[[ Extracted entries, beginning ]]

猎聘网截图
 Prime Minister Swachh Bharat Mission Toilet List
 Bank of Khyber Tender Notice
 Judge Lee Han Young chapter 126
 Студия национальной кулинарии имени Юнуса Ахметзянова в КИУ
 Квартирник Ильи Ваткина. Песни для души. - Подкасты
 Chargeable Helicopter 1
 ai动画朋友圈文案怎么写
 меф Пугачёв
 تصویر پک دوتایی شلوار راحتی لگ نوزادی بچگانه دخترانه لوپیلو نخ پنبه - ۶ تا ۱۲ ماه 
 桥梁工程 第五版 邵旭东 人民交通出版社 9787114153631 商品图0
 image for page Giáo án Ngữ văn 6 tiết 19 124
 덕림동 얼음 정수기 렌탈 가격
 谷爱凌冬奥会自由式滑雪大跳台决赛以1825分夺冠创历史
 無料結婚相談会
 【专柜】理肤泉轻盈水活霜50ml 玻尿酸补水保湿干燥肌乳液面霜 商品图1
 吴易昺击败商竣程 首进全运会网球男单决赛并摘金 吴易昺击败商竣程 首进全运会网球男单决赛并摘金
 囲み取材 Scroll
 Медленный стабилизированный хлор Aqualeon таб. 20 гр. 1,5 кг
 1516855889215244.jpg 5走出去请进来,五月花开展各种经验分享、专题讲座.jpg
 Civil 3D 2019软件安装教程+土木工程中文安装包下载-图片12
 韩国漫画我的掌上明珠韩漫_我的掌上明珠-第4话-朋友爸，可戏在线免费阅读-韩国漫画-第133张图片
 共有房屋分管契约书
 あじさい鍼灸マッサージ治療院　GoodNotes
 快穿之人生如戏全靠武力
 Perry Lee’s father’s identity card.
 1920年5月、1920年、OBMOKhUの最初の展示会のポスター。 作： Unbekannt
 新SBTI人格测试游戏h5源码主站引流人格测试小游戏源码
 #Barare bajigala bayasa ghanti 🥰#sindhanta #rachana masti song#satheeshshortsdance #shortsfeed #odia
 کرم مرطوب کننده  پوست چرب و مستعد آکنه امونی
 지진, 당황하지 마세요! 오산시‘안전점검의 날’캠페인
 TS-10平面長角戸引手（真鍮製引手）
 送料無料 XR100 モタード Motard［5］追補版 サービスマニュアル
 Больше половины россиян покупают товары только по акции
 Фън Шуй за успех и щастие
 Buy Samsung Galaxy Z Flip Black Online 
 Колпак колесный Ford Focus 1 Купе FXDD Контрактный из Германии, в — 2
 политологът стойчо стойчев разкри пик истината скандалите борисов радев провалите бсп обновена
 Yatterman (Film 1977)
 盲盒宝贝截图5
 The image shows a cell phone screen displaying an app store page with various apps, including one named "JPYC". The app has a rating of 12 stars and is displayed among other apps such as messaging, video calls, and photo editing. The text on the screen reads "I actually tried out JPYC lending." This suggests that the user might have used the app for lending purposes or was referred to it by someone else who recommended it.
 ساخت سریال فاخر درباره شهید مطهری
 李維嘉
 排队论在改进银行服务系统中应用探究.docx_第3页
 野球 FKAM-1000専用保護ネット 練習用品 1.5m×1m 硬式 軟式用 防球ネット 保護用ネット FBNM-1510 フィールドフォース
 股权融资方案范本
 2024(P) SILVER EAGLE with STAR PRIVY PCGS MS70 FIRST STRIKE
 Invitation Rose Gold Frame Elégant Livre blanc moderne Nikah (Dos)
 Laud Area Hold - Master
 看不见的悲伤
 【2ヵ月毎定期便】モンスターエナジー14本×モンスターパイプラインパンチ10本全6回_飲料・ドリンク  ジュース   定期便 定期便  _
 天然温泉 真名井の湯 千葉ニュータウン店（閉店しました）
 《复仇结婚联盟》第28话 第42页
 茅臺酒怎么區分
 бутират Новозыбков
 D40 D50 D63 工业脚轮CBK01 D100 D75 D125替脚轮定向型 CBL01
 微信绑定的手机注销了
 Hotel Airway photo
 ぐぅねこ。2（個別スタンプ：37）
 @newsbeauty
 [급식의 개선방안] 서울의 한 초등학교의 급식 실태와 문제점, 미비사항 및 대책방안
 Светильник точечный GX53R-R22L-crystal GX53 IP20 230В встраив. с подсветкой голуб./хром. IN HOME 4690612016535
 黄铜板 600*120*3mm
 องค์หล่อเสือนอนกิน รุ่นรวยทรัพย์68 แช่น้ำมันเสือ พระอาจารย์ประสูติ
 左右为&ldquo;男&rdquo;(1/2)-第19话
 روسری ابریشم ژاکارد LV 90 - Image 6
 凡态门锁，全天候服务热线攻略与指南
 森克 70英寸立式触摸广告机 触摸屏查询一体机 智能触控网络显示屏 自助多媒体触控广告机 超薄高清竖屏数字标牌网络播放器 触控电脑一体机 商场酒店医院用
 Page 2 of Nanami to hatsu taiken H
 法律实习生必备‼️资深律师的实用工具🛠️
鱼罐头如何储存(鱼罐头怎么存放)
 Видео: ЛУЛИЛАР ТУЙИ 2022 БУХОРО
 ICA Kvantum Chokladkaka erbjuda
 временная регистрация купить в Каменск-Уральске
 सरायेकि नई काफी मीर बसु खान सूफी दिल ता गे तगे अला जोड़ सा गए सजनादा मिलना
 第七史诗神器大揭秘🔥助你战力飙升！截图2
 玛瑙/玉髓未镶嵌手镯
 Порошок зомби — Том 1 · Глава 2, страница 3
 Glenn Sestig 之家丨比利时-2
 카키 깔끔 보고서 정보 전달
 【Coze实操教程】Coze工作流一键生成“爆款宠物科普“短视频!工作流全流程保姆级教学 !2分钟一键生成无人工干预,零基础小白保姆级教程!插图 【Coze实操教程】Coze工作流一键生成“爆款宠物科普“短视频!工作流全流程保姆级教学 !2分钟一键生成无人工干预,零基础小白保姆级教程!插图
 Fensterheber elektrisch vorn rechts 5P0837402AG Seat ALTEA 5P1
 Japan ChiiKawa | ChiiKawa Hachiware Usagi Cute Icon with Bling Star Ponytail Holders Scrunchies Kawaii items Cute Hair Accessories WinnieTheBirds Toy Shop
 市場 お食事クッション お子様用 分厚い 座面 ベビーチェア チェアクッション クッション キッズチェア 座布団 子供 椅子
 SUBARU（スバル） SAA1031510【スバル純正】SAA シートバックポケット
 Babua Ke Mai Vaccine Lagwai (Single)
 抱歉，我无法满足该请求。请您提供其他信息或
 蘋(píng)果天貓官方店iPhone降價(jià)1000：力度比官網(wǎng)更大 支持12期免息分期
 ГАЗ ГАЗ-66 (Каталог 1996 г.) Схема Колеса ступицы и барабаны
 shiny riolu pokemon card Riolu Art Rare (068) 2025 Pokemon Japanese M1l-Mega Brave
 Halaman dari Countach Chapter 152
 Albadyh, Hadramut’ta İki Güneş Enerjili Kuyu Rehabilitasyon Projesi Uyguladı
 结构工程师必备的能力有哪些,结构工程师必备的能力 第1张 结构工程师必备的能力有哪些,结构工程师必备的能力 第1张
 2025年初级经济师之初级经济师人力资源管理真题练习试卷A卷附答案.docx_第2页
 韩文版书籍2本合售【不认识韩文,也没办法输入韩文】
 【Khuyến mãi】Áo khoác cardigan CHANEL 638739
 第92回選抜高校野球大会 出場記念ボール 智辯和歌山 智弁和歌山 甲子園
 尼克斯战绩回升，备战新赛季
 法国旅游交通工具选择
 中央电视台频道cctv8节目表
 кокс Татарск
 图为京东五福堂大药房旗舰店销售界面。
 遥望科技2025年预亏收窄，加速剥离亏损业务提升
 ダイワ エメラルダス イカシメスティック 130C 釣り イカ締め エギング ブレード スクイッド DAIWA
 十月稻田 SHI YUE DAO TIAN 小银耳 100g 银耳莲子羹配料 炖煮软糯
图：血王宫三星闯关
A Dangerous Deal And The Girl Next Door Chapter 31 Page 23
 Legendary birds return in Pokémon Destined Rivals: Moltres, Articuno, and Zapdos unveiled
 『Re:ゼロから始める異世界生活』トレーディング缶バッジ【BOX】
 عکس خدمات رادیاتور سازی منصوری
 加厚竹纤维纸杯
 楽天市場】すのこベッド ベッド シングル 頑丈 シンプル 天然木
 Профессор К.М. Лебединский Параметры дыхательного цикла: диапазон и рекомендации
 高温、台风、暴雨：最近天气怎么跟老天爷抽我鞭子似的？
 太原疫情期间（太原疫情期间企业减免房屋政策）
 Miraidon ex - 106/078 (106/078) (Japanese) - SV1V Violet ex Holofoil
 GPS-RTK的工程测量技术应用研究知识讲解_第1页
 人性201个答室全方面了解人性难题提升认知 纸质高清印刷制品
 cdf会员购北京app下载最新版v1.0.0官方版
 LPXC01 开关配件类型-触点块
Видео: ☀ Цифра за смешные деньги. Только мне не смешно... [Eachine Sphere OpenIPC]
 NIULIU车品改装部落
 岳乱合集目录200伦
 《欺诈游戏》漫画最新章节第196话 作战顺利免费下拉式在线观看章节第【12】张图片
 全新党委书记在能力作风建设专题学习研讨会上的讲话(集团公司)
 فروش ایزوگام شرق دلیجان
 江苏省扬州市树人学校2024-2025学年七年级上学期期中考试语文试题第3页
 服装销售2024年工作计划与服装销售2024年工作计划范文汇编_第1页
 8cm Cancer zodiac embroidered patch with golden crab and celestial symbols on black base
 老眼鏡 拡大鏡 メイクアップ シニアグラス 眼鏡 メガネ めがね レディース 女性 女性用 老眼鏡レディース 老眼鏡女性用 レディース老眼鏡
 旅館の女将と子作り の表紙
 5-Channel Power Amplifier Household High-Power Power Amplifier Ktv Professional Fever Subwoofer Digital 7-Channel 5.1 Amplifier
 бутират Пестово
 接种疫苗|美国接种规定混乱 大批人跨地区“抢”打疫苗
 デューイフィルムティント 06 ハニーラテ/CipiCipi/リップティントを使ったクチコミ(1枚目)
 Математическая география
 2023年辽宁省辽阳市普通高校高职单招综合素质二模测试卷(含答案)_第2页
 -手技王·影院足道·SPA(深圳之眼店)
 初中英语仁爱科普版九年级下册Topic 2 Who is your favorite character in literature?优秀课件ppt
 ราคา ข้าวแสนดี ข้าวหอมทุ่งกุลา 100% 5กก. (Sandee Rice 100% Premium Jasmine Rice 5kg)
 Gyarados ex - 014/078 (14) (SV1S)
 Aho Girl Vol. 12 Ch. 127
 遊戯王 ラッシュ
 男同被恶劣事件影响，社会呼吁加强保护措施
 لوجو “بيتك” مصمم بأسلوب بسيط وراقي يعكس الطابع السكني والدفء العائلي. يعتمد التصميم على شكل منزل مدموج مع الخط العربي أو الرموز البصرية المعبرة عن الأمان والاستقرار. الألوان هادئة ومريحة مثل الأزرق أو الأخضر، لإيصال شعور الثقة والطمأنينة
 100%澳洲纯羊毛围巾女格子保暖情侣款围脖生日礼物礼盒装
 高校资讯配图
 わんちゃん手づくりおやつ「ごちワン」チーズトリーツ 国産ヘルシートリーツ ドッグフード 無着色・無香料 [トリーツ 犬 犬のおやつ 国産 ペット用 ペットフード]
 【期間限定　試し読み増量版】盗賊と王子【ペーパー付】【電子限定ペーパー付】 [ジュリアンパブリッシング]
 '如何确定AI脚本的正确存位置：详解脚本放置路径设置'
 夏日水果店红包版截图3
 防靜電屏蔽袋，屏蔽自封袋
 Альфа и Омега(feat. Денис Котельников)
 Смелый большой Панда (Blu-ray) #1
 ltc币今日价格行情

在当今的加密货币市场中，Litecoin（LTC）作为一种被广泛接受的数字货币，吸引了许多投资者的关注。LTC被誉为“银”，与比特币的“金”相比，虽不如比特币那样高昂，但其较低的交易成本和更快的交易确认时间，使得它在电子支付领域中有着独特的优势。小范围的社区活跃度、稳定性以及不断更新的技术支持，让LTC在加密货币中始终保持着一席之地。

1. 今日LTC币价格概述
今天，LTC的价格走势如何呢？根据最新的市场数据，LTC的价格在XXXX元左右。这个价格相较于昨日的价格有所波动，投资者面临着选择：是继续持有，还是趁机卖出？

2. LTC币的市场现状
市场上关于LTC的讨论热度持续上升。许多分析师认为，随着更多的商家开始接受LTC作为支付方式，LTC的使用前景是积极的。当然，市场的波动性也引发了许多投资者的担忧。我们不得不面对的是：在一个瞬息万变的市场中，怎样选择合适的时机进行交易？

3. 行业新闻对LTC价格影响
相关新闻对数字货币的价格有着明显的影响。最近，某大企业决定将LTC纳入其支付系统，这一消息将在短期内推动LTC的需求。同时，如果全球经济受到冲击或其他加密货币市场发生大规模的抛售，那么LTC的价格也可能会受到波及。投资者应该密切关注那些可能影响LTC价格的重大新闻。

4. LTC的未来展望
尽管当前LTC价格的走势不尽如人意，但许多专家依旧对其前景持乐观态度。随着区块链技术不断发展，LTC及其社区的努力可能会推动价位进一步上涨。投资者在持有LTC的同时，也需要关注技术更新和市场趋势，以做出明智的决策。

[[ Extracted entries, end ]]

[Activity] Only those lines of the entries above that run from the line containing "左右为&ldquo;男&rdquo;(1/2)-第19话" to the line containing "鱼罐头如何储存(鱼罐头怎么存放)", both included, should be transcribed exactly.

[Problem solution]
 左右为&ldquo;男&rdquo;(1/2)-第19话
 روسری ابریشم ژاکارد LV 90 - Image 6
 凡态门锁，全天候服务热线攻略与指南
 森克 70英寸立式触摸广告机 触摸屏查询一体机 智能触控网络显示屏 自助多媒体触控广告机 超薄高清竖屏数字标牌网络播放器 触控电脑一体机 商场酒店医院用
 Page 2 of Nanami to hatsu taiken H
 法律实习生必备‼️资深律师的实用工具🛠️
鱼罐头如何储存(鱼罐头怎么存放)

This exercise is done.